The first few days on the road with the daughter (the boy having decided somewhere along the way that he'd prefer to hang with friends in Calgary) - old territory, Jasper, Burn's Lake, camp a couple of days to recover from all the driving, being devoured alive by Black Flies that leave painless bites that stream with blood. The girl is horribly bitten.
Then North, along the Stewart-Cassiers Highway.
This is beautiful, and I can feel it calling....
There are few cars, sometimes only one an hour, and fewer services, gas at $1.50 per liter, stations every 300 KM. The road is somewhat paved, sometimes just gravel, and the road is taking us due North.
We stop - for a break - at a rock shop by the road, nothing of interest, only kitsch souvenirs, we ask the obese lady behind the counter what rocks and where we might go looking, she looks confused - "I dunno...try down by the river..."
"....and what might we find?" I ask, never one to let things go.

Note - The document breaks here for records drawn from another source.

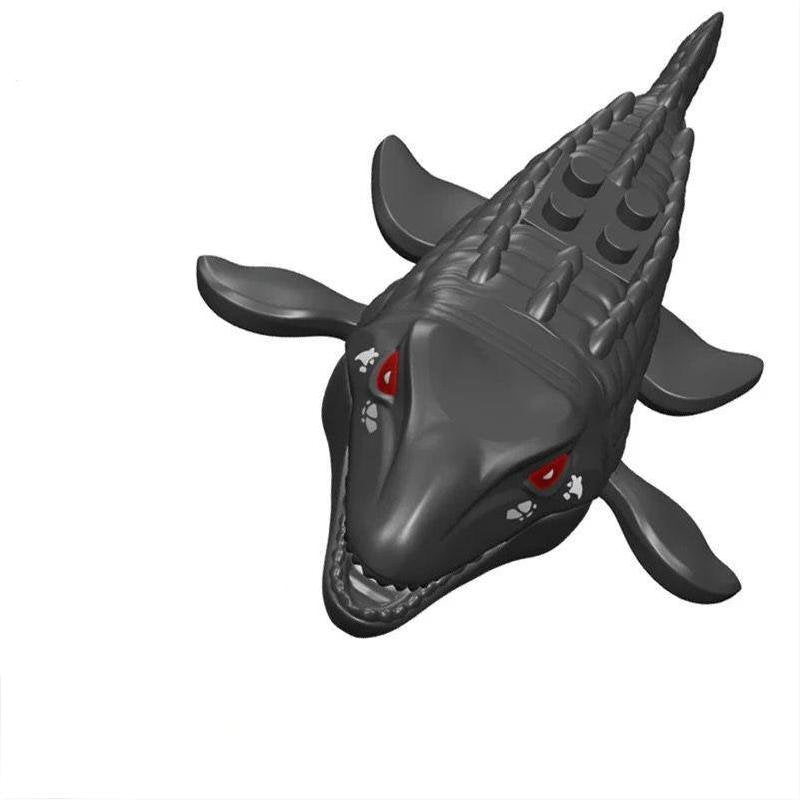 BLACK MOSASAURUS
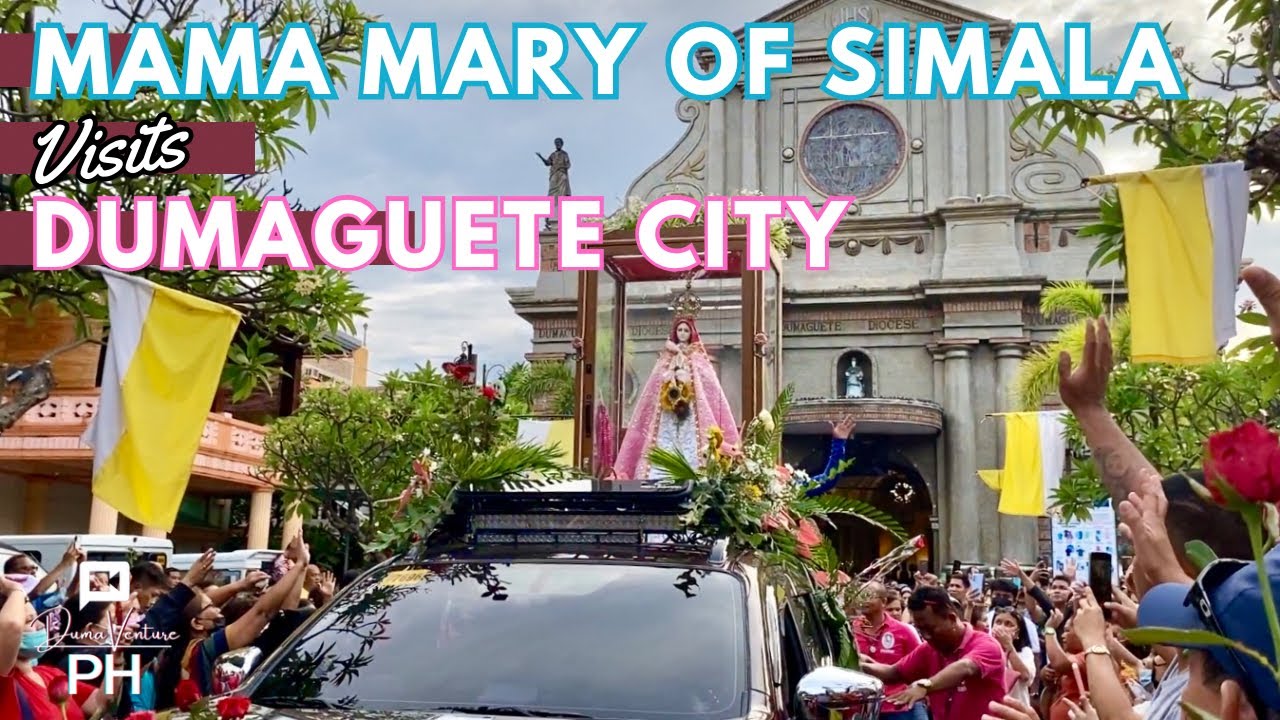 Visit of Mama Mary of Lindogon Simala to Dumaguete Cathedral | May 26, 2023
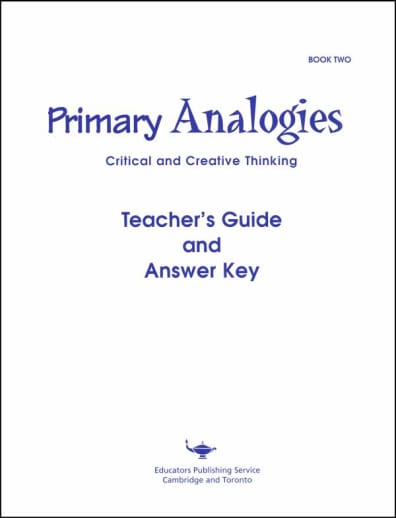 Primary Analogies 2 Key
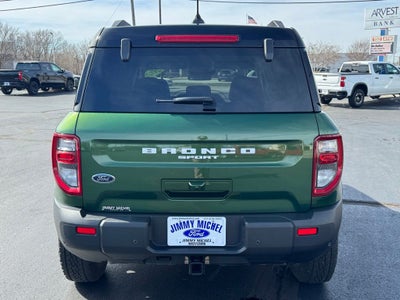 2025 Ford Bronco Sport Badlands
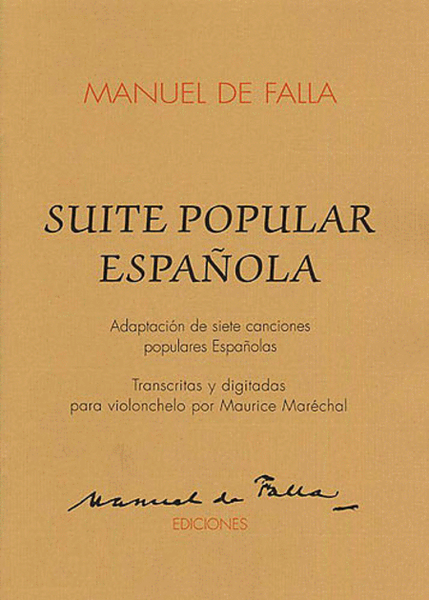 Suite Populaires Espagnole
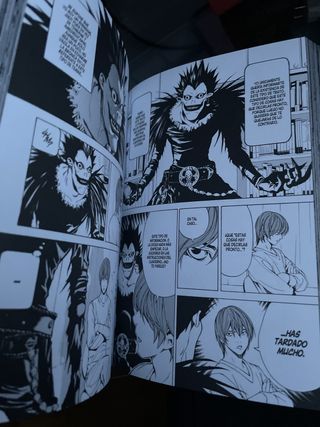 DEATH NOTE. Tsugumi Ohba, Obata Takeshi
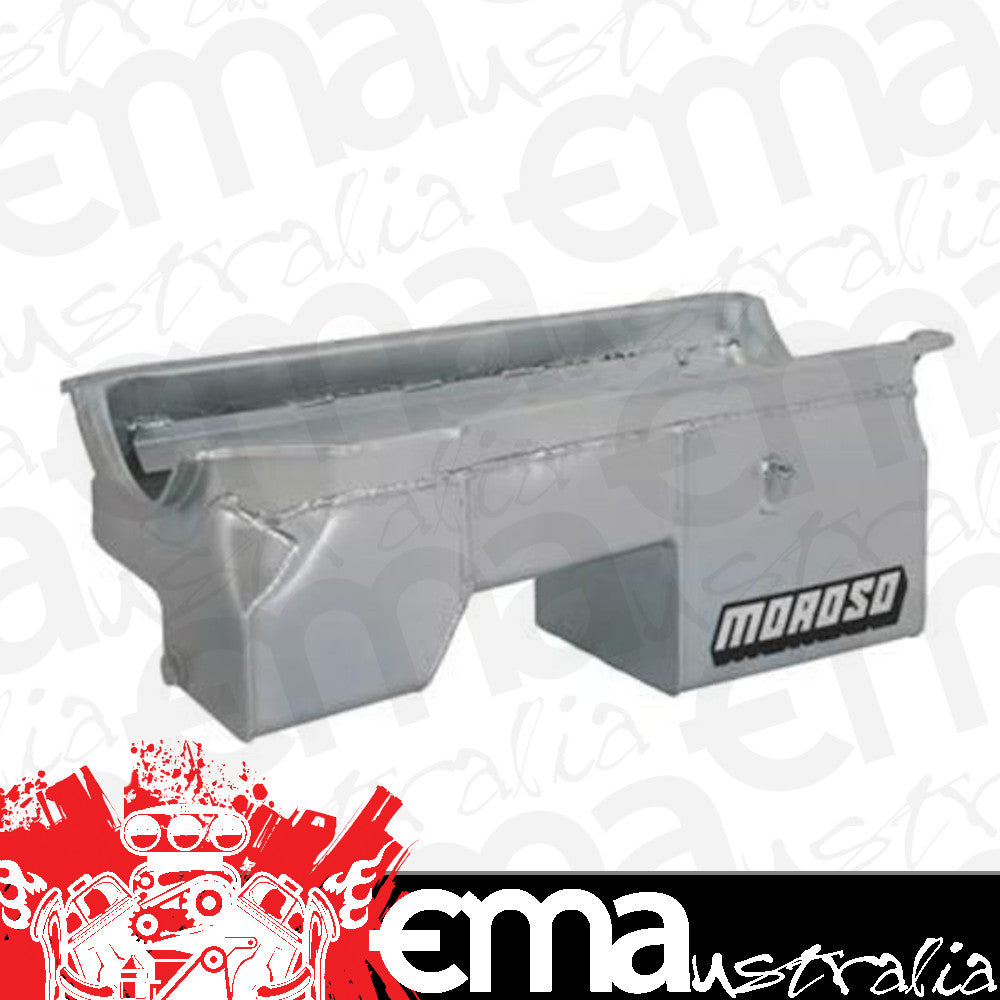 Moroso MO20530 Ford 351C Street/Strip Oil Pan Rear Sump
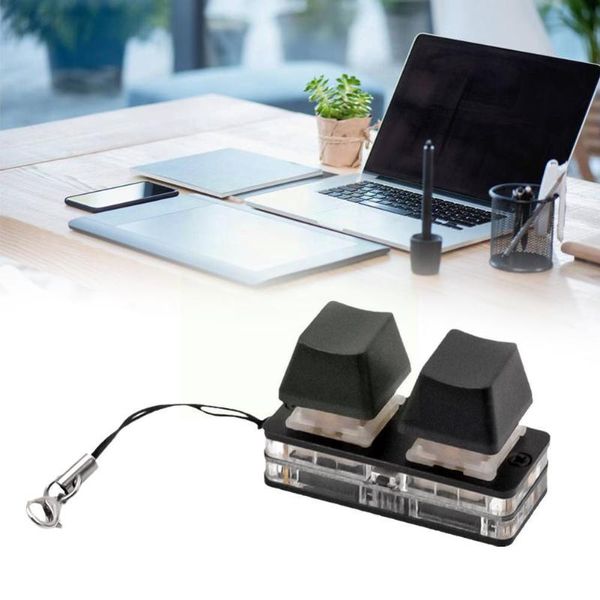 

keyboards 2 keys keyboard mini wheel axle tester red mechanical support gaming switch keypad n5v4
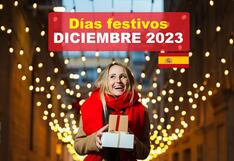 Calendario laboral 2023 - España: lista de festivos y puentes de diciembre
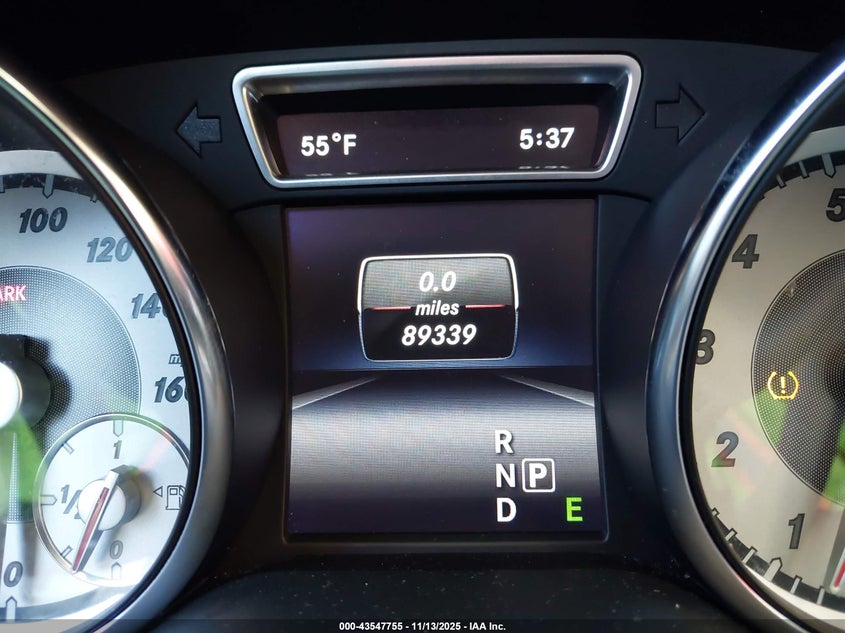 2015 Mercedes-Benz Gla 250 4Matic VIN: WDCTG4GB6FJ129459 Lot: 43547755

"rocks. And driftwood" is her reply.
***
We continue. This landscape is wild, there are no signs of human presence apart from the road, the top half of British Columbia virtually unexplored. A reservation, new vinyl sided houses in yards overgrown with purple weeds, derelict cars, suspicious locals. Not a good place to stop.
And still we go on.
By 6:00 PM we're at the 2nd Jade Shop - Saws, samples, raw jade, pieces thrown away, cut open, a great shop in the middle of nowhere, ridiculous prices, tiny carved bears smaller than a dime for $20.00, somehow they're convinced that their jade, mined at 900 tons per year and shaped in China, is worth more than gold...We are probably they only visitors that day, by the traffic on the road, and seeing all this raw jade - white, uncut, convinces me that we must have found some in our rambles by the river, and not recognizing it for what it was threw it back. The salesgirl assures us it's unlikely, most of the jade here - in this shop - was quarried high up Cassiar's mountain, there is little if any to be found along the rivers and creeks....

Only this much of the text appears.